===== Dataset extract =====

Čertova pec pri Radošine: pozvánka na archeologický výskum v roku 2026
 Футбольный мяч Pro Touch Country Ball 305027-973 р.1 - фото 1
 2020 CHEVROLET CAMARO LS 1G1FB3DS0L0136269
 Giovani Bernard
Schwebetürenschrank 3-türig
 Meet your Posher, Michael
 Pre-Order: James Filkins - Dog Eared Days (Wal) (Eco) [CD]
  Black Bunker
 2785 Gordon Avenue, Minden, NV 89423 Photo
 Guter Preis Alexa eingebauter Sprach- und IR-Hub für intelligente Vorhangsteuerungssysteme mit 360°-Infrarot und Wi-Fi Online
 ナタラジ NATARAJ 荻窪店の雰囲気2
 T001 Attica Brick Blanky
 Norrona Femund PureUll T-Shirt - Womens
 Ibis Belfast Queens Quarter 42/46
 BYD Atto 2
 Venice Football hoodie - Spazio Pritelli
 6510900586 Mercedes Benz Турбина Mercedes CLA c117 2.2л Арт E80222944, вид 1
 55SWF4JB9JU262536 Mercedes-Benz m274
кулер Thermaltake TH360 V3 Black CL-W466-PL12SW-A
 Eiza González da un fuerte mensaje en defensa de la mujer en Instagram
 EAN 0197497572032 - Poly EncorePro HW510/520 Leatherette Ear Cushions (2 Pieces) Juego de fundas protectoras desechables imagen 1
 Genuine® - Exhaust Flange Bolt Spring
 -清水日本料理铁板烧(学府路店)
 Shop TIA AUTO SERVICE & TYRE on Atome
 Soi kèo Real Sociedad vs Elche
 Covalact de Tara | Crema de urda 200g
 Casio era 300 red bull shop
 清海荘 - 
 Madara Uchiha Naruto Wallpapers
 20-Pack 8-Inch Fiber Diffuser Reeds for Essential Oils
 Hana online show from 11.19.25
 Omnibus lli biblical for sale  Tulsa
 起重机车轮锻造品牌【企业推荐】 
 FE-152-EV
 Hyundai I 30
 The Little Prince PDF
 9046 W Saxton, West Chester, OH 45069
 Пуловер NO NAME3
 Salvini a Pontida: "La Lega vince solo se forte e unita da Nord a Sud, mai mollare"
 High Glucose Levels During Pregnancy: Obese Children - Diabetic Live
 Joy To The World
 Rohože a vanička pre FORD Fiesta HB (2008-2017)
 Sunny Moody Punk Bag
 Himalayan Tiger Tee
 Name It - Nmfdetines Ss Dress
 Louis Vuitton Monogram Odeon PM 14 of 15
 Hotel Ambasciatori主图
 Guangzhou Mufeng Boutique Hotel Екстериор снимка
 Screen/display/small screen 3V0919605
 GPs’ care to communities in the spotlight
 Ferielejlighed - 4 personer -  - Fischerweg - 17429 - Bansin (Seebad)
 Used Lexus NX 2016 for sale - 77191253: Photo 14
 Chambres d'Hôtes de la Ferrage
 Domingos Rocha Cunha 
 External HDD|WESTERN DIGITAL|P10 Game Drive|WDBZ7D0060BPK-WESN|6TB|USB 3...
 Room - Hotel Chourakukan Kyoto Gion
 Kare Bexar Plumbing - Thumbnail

=====

** The problem **
Write out exactly the lines above from the line with "Casio era 300 red bull shop" through the line with "Пуловер NO NAME3", both of them included, and leave out all other lines.

** Response area **
 Casio era 300 red bull shop
 清海荘 - 
 Madara Uchiha Naruto Wallpapers
 20-Pack 8-Inch Fiber Diffuser Reeds for Essential Oils
 Hana online show from 11.19.25
 Omnibus lli biblical for sale  Tulsa
 起重机车轮锻造品牌【企业推荐】 
 FE-152-EV
 Hyundai I 30
 The Little Prince PDF
 9046 W Saxton, West Chester, OH 45069
 Пуловер NO NAME3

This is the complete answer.